Comparing Blinkx’s revenues to competitors, I am struck by Blinkx’s apparent outsized success. See the table at right, finding Blinkx producing roughly twice as much revenue per employee as online video/display ad networks and advertising technology companies which have recently made public offerings. Looking at Blinkx’s sites and services, one doesn’t get the sense that Blinkx’s service is twice as good, or its employees twice as productive, as the other companies listed. So why does Blinkx earn twice as much revenue per employee? One natural hypothesis is that Blinkx is in a significantly different business. While other services make significant payments to publishers for use of their video content, my browsing of Blinkx.com revealed no distinctive content obviously licensed from high-quality high-cost publishers. I would not be surprised to see outsized short-term profits in adware, forced-visit traffic, and other black-hat practices of the sort used by some of the companies Blinkx has acquired. But neither are these practices likely to be sustainable in the long run.

Reviewing Blinkx’s statements to investors, I was struck by the opacity. How exactly does Blinkx make money? How much comes from the legacy Zango and AdOn businesses that consumers and advertisers pointedly disfavor? Why are so many of Blinkx’s metrics out of line with competitors? The investor statements raise many questions but offer few answers. I submit that Blinkx is carefully withholding this information because the company has much to hide. If I traded in the companies I write about (I don’t!), I’d be short Blinkx.
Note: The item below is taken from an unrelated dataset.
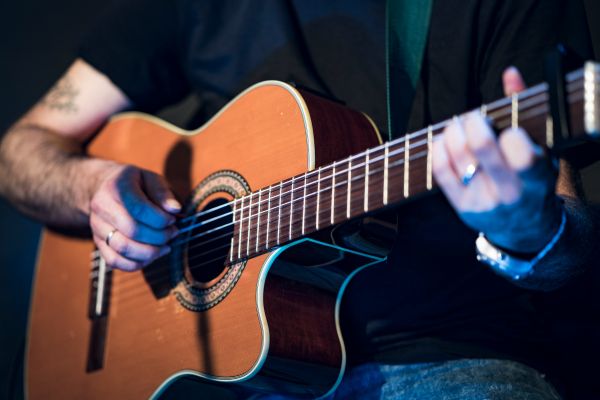 Cours de guitare à Béthune : Débutants à expérimentés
This article draws in part on research I prepared for a client that sought to know more about Blinkx’s historic and current practices. At my request, the client agreed to let me include portions of that research in this publicly-available posting. My work for that client yielded a portion of the research presented in this article, though I also conducted significant additional research and drew on prior work dating back to 2004. My agreement with the client did not oblige me to circulate my findings as an article or in any other way; to my knowledge, the client’s primary interest was in learning more about Blinkx ‘s business, not in assuring that I tell others. By agreement with the client, I am not permitted to reveal its name, but I can indicate that the client is two US investment firms and that I performed the research during December 2013 to January 2014. The client tells me that it did not change its position on Blinkx after reading my article. (Disclosure updated and expanded on February 4-5, 2014.)

I thank Eric Howes, Principal Lab Researcher at ThreatTrack Security, and Matthew Mesa, Threat Researcher at ThreatTrack Security, for insight on current Blinkx installations.